Демельза

— Думаю, вы согласитесь с тем, что, хотя теоретически мы чтим закон, в жизни есть куда более важные вещи.

— Например?

— Дружба.

Они ехали молча.

— Закон этого не признает.

— Я и не ожидаю этого от закона. Я прошу вас это признать.

В ней нет ничего смертоносного, кроме жажды жизни. А любая жажда – вещь сама по себе опасная.

Временами сильные отбывают в мир иной, а слабые выживают.

(Иногда сильный сдастся, а слабый выживет.)

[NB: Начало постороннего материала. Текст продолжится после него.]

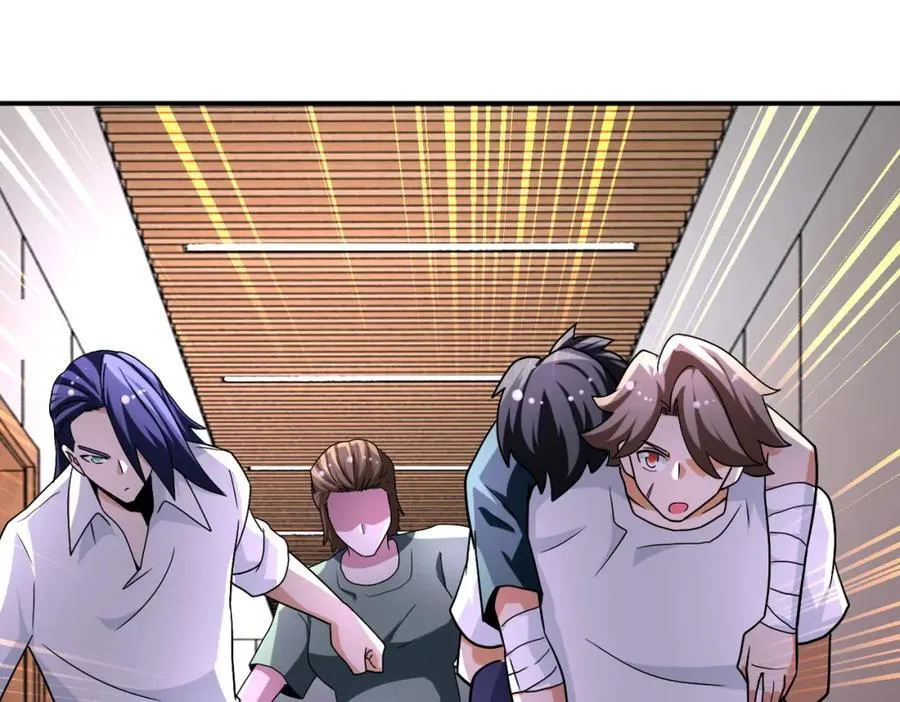 第468话 全都去死吧！19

... Но главным образом потому, что в её природе было нечто, заставляющее её быть счастливой. Она такой родилась, и этого не изменить. Росс благодарил за это Господа. Сколько бы она ни прожила, куда бы ни уехала, она всегда останется такой, полной интереса к тому, что любит, и всё так же будет улучшать свое окружение, трудясь и воспитывая детей...

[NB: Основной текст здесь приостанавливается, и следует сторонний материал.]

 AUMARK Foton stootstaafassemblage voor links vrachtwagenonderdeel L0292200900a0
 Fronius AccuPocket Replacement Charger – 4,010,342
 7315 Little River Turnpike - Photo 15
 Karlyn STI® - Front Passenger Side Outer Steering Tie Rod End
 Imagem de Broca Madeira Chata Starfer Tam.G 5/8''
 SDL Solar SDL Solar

Будьте осторожны с законом, капитан. Он капризен и изворотлив, и его можно игнорировать полдюжины раз. Но стоит лишь вступить с ним в борьбу, как сразу выясняется, что от него так же трудно освободиться, как от черного кальмара. Имейте ввиду, я разделяю вашу точку зрения. После армейской жизни правосудие и приходские констебли раздражают; я и сам это чувствовал, клянусь...

— Люди с большими домами не всегда самые гостеприимные, да, Росс?

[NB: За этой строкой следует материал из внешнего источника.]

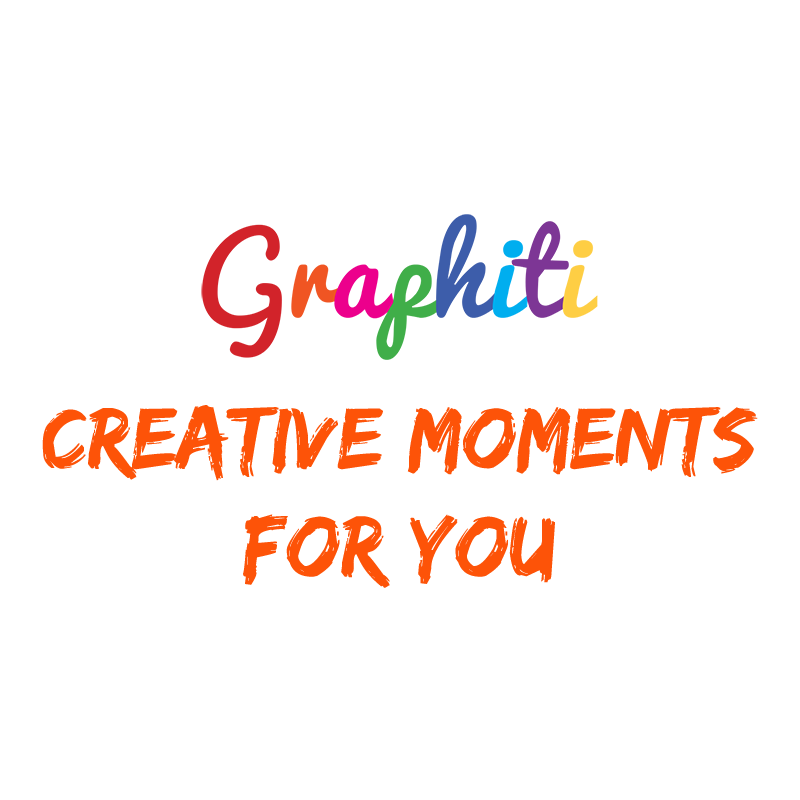 graphitibook's tweet photo. Need a #DigitalDetox? Try #GraphitiBook because grown-ups can have fun too! https://t.co/NOWfUCmjjF https://t.co/RuaSObylpD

— Как и хорошо воспитанные не всегда обладают самыми чистыми помыслами.

Его гнев медленно угасал, не исчез, но опустился на должный уровень. Демельза не выносила его грубости. Что он сказал? Или как он это сказал? Полдарки становились весьма неприятными, когда им перечили.

... И когда эти люди в тихом морозном воздухе пели псалмы, это производило впечатление. Когда они замолкали, и перед тем, как снова начинали движение, каждый раз наступала краткая тишина, и все слышали отдаленный шум моря. В итоге мистер Оджерс обнаружил, что ему придется совершить отпевание перед лицом более трех с половиной сотен человек, заполнивших церковь и стоявших во дворике.

Именно эта неожиданная дань памяти надломила Росса. Всё остальное он перенес. Не будучи религиозным человеком, Росс не обладал внутренними силами, чтобы пережить потерю ребенка, кроме собственной уязвленной силы воли. Внутренне он восстал против провидения и сложившихся обстоятельств, но крайняя жестокость нанесенного удара наложила отпечаток на его характер, сделав его еще более жестким и упрямым.

То, что Демельза, вероятно, выживет сейчас не вызывало у него прилива благодарности. Потеря слишком ошеломила и потрясла. Когда мать ребенком брала его в церковь, он повторял псалом, в котором говорилось:

«Если вы сегодня услышите голос Божий, не упрямьтесь». Но когда умерла мать, даже когда он плакал, что-то восставало внутри, чтобы оградить его от собственной же слабости, нежности и хрупкости. Он подумал: «Ладно, я потерял её и остался один. Так тому и быть». Сегодня он вел себя то как ребенок, то как человек зрелый.

Но это странное молчаливое свидетельство уважения и любви, выказанное всеми этими простыми работягами и полуголодными соседями, на время оторвавшимися от полей, ферм, шахт, каким-то образом пробило его защиту.

— Этими моральными призывами меня в угол не загнать.

— Но моральные призывы – самая эффективная сила в мире, капитан. В Америке нас разгромили больше они, чем сила оружия.